Lenovo Group reported a 23 percent surge in first-quarter profit as the world’s largest maker of personal computers gained a greater portion of the global market for desktop models and mobile devices. Shares also rose.

Net income climbed to $213.5 million in the second quarter from $173.9 million a year earlier, the company said yesterday, beating analysts’ estimates. CEO Yang Yuanqing also said in an interview that the company was negotiating with “multiple” U.S. government agencies to win approval for more than $5 billion of planned acquisitions.

With the PC market in contraction, Yang has kept the company growing by winning shares as he expands the smartphone and tablet computer businesses. After rapidly expanding mobile phone sales in its home base China, the company is extending sales into the Middle East, Africa and Latin America while pursuing deals to further bolster expansion.

“Looks like strength everywhere - their emerging markets business in both smartphones and PCs seemed relatively strong,” said Alberto Moel, an analyst at Sanford C. Bernstein & Company in Hong Kong. “The PC contraction is now heading into the late stages, and Lenovo is driving the consolidation to its advantage.”

Lenovo rose as much as 2.1 percent in Hong Kong, while the benchmark Hang Seng Index was little changed. The stock has gained 22 percent this year.

In January, the company announced plans to buy Google’s Motorola Mobility unit for $2.91 billion in cash and stocks. The same month, Lenovo agreed to buy IBM’s low-end server unit for $2.3 billion. The purchase will add a business with wider profit margins than PCs and give it about 14 percent of that market, the company has said.

Both transactions are in the process of getting regulatory approval, and the company hopes they can close by the end of this year, Yang said in an interview yesterday after earnings.

“We are making progress, but we definitely still have some things to do with multiple government agencies,” Yang said without elaborating on the remaining issues.

Lenovo reported that its sales had climbed to $10.4 billion in the period from $8.79 billion a year earlier. That beat the $9.9 billion average of 17 analysts’ estimates compiled by Bloomberg.

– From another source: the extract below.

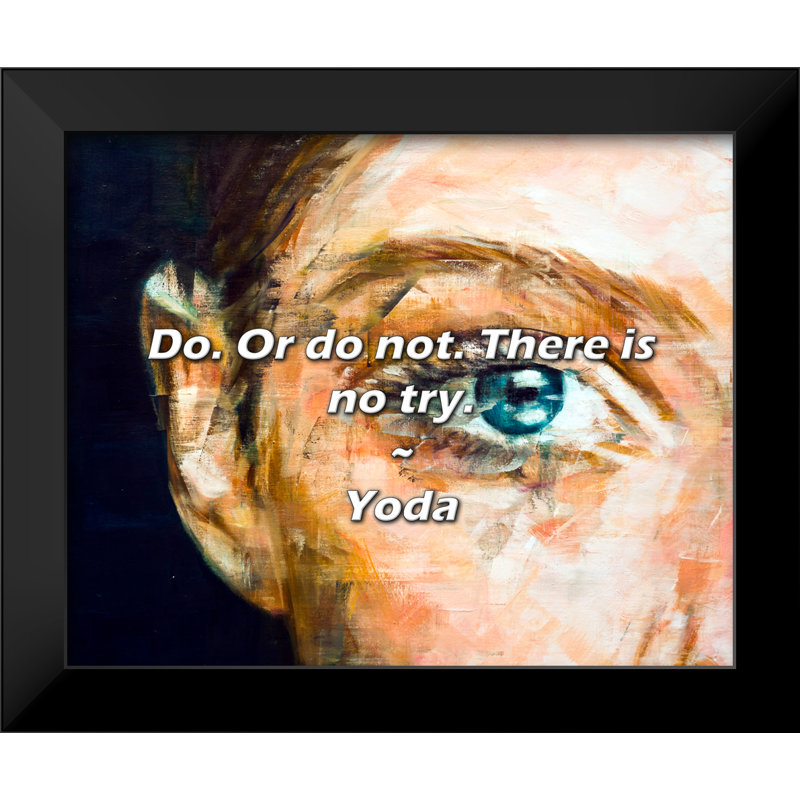 Yoda Quote: Do. Or do not. There is no try.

While industrywide global PC shipments gained only 0.1 percent in the second quarter, Lenovo posted a 15 percent increase, researcher Gartner reported last month. Lenovo’s share of the market expanded to 19.2 percent from 16.7 percent a year earlier, Gartner said. Hewlett-Packard came in second place with 17.7 percent of the market.

“The company beat estimates with strong product shipments as their PC sales outpaced the global average,” Ricky Lai, an analyst at Guotai Junan International Holdings Limited in Hong Kong, said. “The smartphone business is also showing very strong growth in the second quarter.”

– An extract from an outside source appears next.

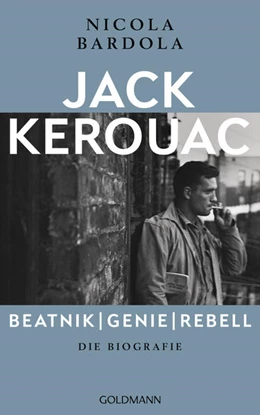 Abbildung von Bardola | Jack Kerouac: Beatnik, Genie, Rebell | 1. Auflage | 2022 | beck-shop.de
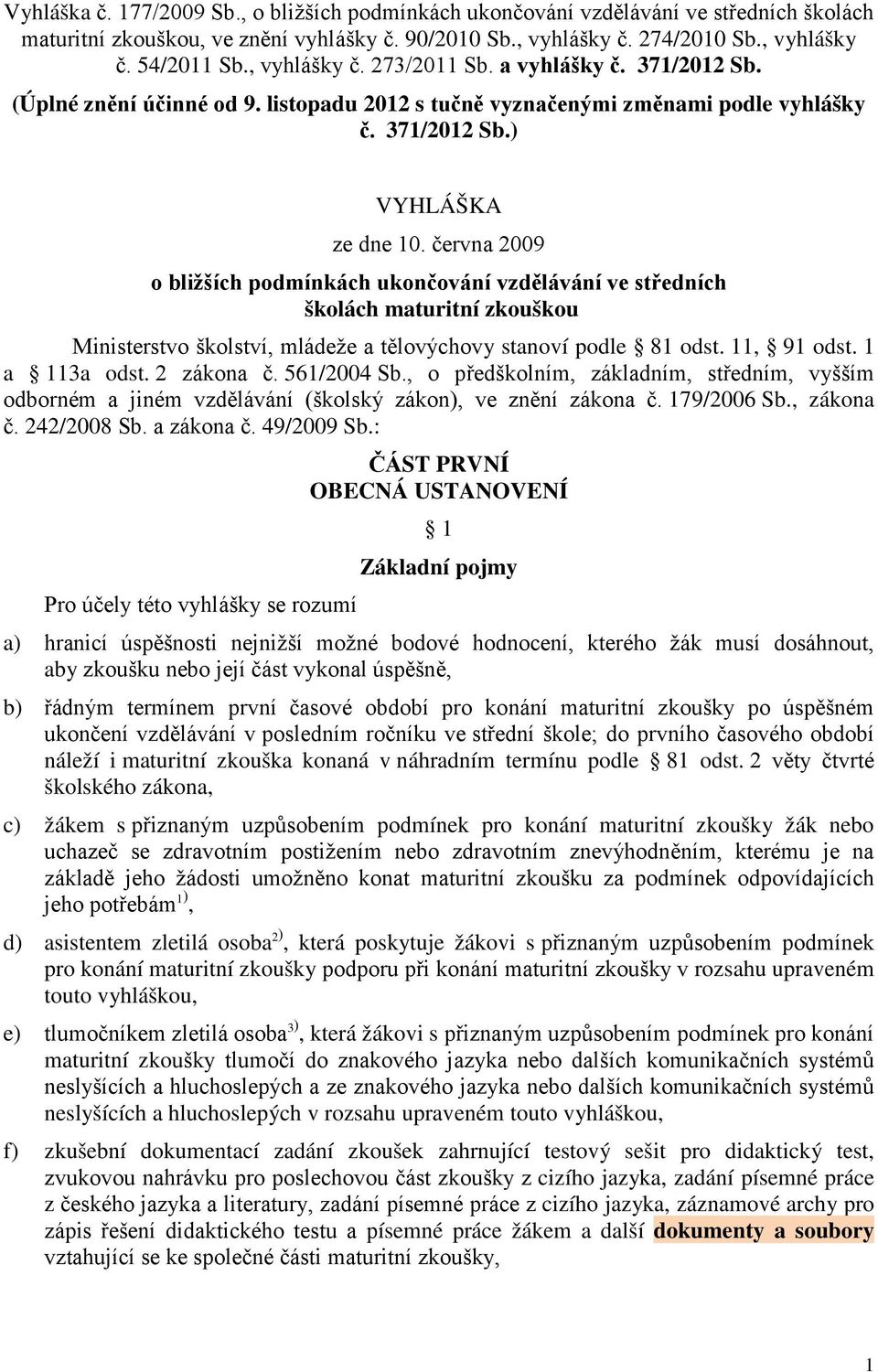 června 2009 o bližších podmínkách ukončování vzdělávání ve středních školách maturitní zkouškou Ministerstvo školství, mládeže a tělovýchovy stanoví podle 81 odst. 11, 91 odst. 1 a 113a odst.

Lenovo’s smartphone shipments jumped 39 percent to 15.8 million units in the period, researcher International Data Corporation reported last month. That lifted its global market share for the devices to 5.4 percent from 4.7 percent a year earlier, IDC said.

Lenovo passed Samsung Electronics as China’s smartphone market leader for the first time, IDC said.

Still, surging domestic peers including Xiaomi and Huawei Technologies are increasing competition in China. Lenovo will adopt more of the online distribution strategy favored by Xiaomi, using Lenovo’s websites and e-commerce platforms run by JD.com and Alibaba, Yang said.

Lenovo ranks No.4 globally in smartphone shipments, behind Samsung, Apple and Huawei, respectively, IDC said. Lenovo will look to Southeast Asia, Eastern Europe and Latin America for growth, Yang said.